Listed below you will find some historical background detail that may add context to your reading.
1. The length of Fire Island has grown an additional five miles since the events in this novel took place. Because of Fire Island’s geographic position, littoral drift pushes westward, causing a natural accretion of sand. Therefore, the Fire Island Lighthouse currently sits miles from what is now the easternmost tip of the island. Those additional miles of beach are now called Robert Moses State Park.
2. The Fire Island Lighthouse that stood during the events in this novel was the original 80-foot Connecticut bluestone tower built in 1826. The one that now stands is its replacement, built in 1858, a seventeen-story brick tower.
3. At the time of the events of this novel, Fire Island had no named communities. Now it can be said that the location of the Dominy Inn was in what is now called Kismet; the Smith Oaks’ house was in what is now called Ocean Beach, and the wreck of the Elizabeth occurred on the beach of what is now Point-O-Woods.

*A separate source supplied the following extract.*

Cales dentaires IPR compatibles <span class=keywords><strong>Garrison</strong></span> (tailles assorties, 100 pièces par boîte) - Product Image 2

4. Although the number of casualties that occurred in the wreck of the Elizabeth was comparatively small to other maritime disasters, the story received national coverage for months because of Margaret Fuller’s fame. The sad death of one held so dear made the general public aware of the woeful deficiencies in the country’s burgeoning Life Saving System. The outcry resulted in implementations of vast improvements in maritime safety.